For instance, in our exercise \(5x+7; x=4\), we 'substitute' the value of \(x\) with 4. Visually, it's like taking the \(x\) out and putting 4 in its place. We then simply follow the algebraic instructions, which in this case are to multiply by 5 and then add 7. Through substitution, the abstract expression becomes a concrete arithmetic problem that we can solve step by step, leading us to the final answer.

Arithmetical operations like addition, subtraction, multiplication, and division are the building blocks of algebra. When it comes to evaluating expressions, these operations must be performed in a specific order, often referred to as the order of operations or PEMDAS (Parentheses, Exponents, Multiplication and Division, Addition and Subtraction).

After substituting variables with numbers, as seen in the expression \(5*4+7\), we move to the arithmetic part. We multiply before we add, as multiplication comes before addition in the order of operations. By applying these basic arithmetic rules correctly within algebraic expressions, we can ensure that our final answers are accurate. It’s like following the steps of a dance routine in the correct sequence to make sure the whole performance flows smoothly.

Once we're comfortable with the substitution method and arithmetic operations, we're ready to tackle solving algebraic equations. This is like playing detective, where we're trying to find the value of the variable that makes the equation true. To solve an equation, we often have to isolate the variable on one side of the equation using inverse operations.

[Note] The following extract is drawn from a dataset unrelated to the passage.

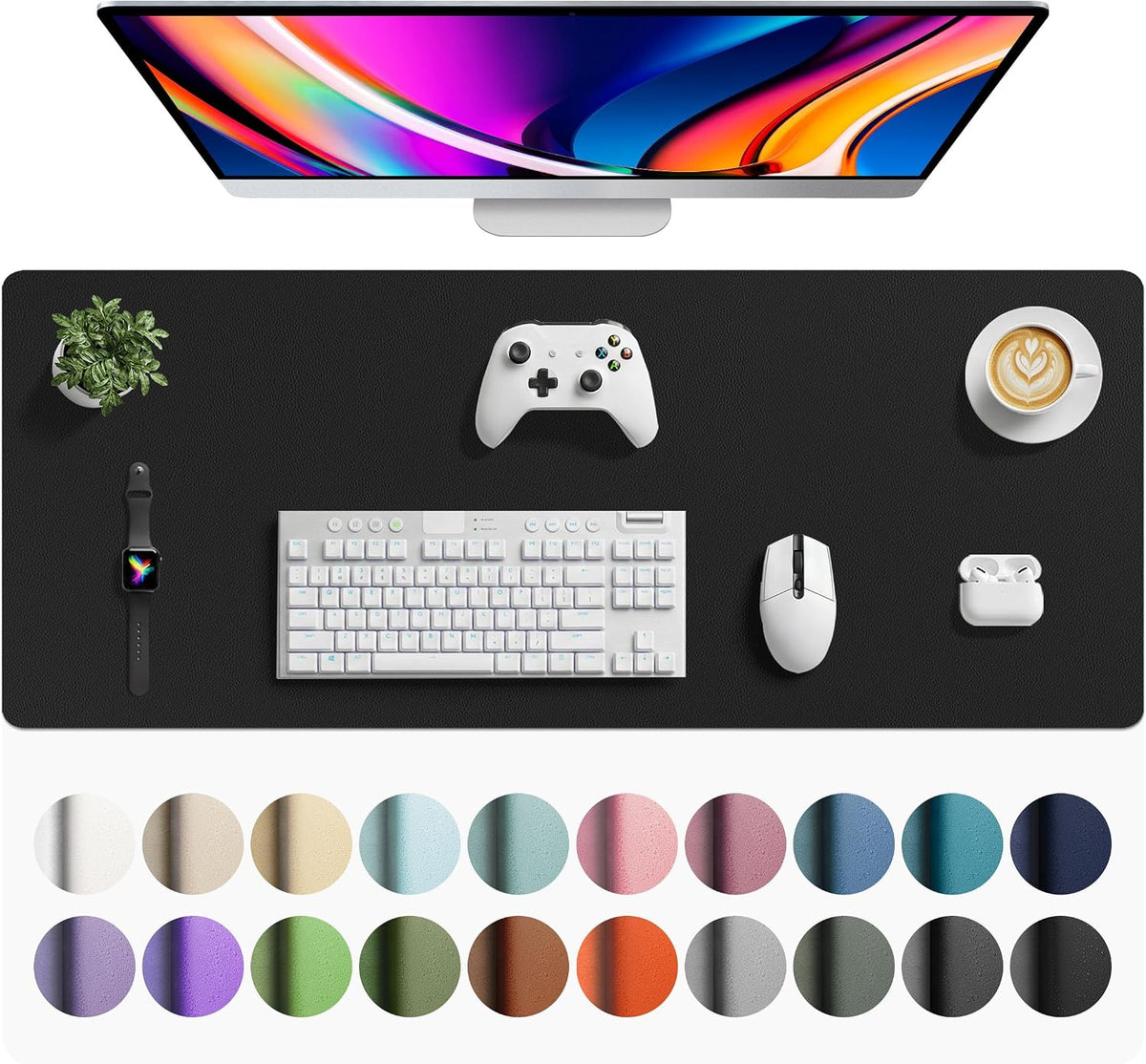 Aothia Non-Slip Waterproof PU Leather Desk Pad Protector for Mouse, Writing Desk, Office, Home, Laptop Blotter, 23.6" x 13.7", Black Father Jim Norris notebooks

In simpler cases, like the exercise we're looking at, we only have to evaluate the expression for a given value. However, when facing an equation, we'd also need to perform additional steps like combining like terms, and using addition or subtraction to move terms from one side of the equation to the other. Once we have the variable isolated, we can find the solution. Solving algebraic equations is a crucial skill in mathematics, providing a foundation for more advanced concepts in algebra and beyond. It's a tool that will be used time and again in various fields involving quantitative analysis.